Provided material:

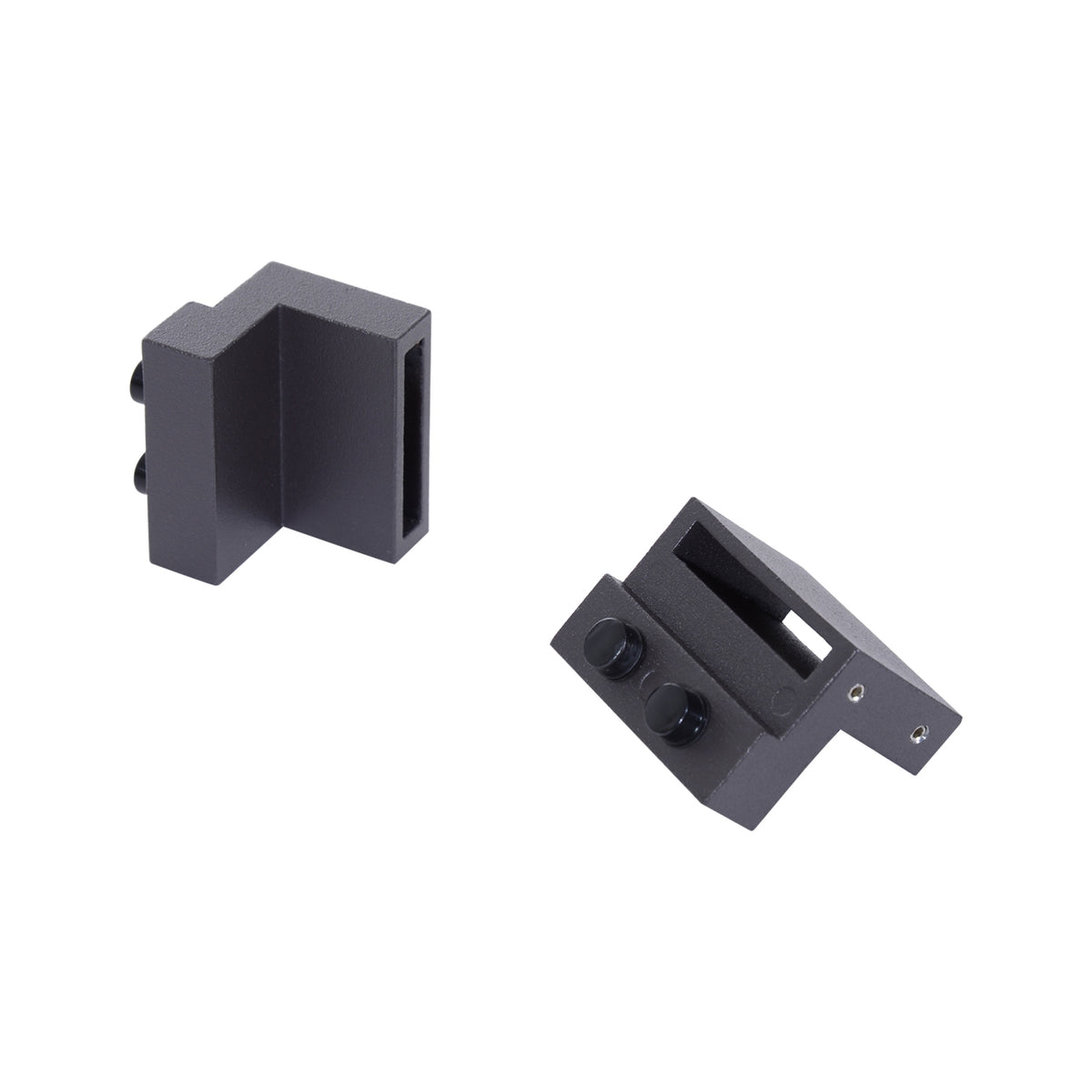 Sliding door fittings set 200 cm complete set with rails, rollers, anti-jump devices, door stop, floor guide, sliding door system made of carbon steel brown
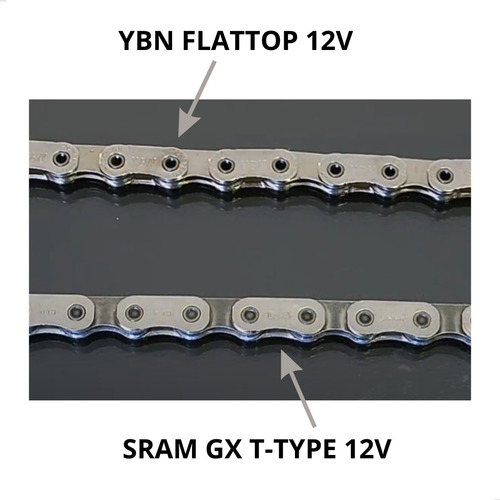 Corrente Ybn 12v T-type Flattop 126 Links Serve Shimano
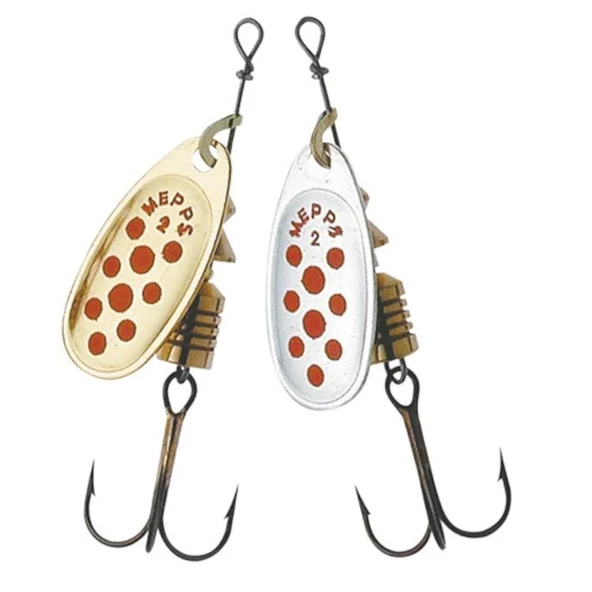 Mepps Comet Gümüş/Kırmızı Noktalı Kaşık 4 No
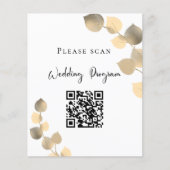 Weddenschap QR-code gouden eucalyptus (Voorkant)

...

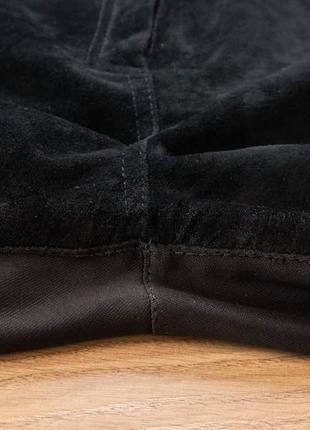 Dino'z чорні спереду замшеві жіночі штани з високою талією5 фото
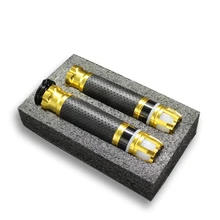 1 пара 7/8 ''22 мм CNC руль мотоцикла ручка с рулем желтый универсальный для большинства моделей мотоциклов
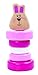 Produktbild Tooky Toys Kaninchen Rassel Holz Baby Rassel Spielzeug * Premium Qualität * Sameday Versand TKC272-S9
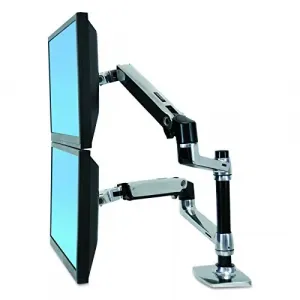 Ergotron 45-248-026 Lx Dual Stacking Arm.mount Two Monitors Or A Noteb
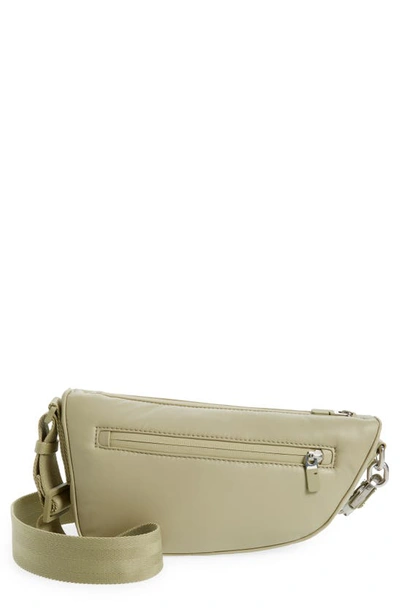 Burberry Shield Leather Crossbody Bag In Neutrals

* * *

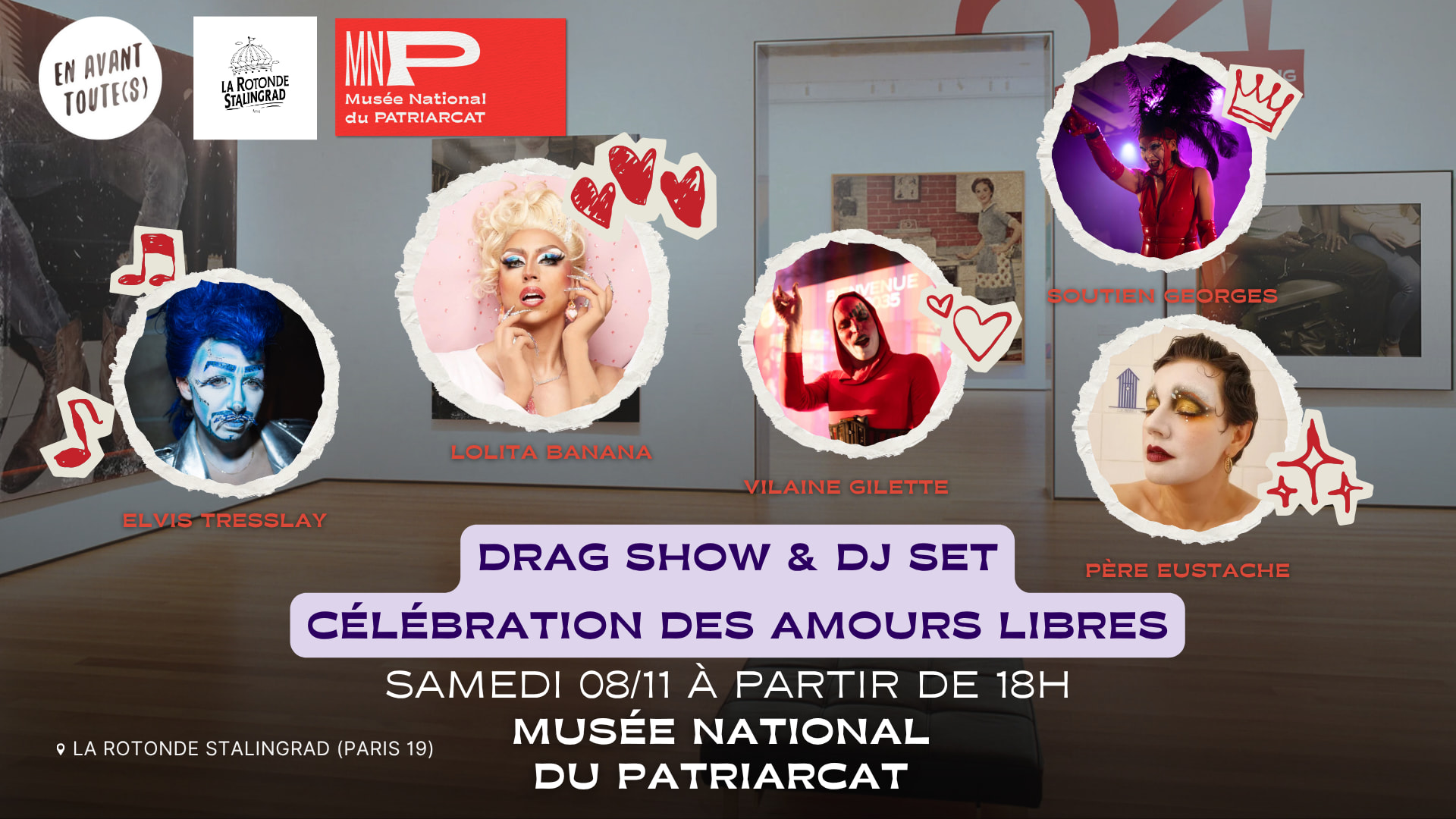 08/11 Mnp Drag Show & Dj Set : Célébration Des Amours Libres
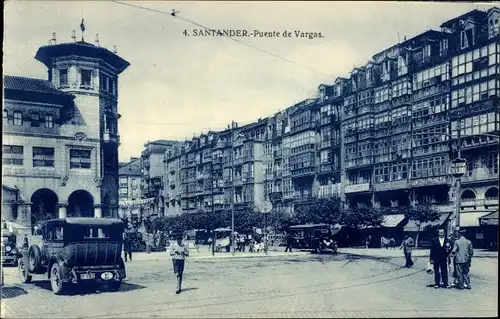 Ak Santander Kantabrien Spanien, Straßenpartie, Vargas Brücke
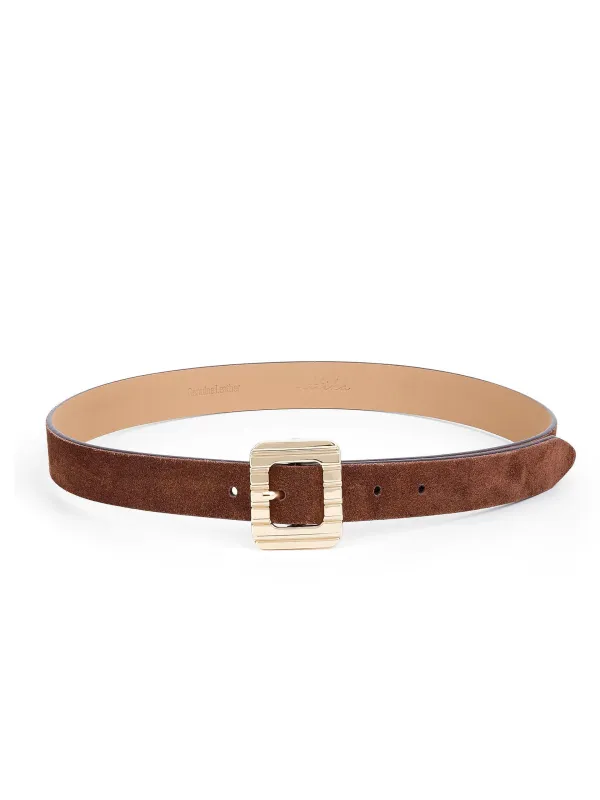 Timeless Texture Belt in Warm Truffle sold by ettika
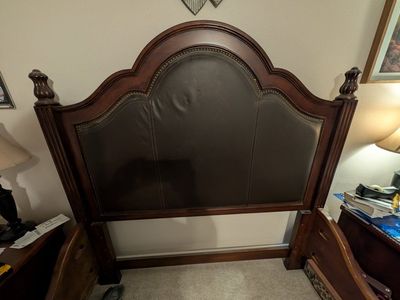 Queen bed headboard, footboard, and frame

Task brief: Beginning with the line above that contains "Mepps Comet Gümüş/Kırmızı Noktalı Kaşık 4 No" and finishing with the line that contains "Weddenschap QR-code gouden", print those lines exactly and only. Skip all pictures.

Solution to the problem:
 Mepps Comet Gümüş/Kırmızı Noktalı Kaşık 4 No
 Weddenschap QR-code gouden eucalyptus (Voorkant)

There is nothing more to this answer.